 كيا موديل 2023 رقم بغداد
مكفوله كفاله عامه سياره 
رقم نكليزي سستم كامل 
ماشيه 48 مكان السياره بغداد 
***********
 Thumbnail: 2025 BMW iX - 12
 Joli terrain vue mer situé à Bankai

....

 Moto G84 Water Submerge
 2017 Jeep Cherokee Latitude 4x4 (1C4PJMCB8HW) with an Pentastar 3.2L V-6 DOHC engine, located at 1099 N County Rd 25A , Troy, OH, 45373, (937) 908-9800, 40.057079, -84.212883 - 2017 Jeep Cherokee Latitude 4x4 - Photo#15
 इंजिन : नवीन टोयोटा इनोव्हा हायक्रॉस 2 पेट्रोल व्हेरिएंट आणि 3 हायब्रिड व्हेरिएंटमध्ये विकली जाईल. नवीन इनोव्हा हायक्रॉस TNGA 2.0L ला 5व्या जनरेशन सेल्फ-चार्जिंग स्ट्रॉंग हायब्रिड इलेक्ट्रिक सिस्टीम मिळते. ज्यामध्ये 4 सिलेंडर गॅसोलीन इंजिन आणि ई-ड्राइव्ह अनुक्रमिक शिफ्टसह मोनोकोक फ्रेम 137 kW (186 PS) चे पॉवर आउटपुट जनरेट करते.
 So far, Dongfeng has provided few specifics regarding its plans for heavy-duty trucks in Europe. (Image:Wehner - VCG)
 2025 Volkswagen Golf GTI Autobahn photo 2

....

Brief:
Where does "بغداد" occur in the data? Copy each line that has it.

Written answer:
 كيا موديل 2023 رقم بغداد
ماشيه 48 مكان السياره بغداد 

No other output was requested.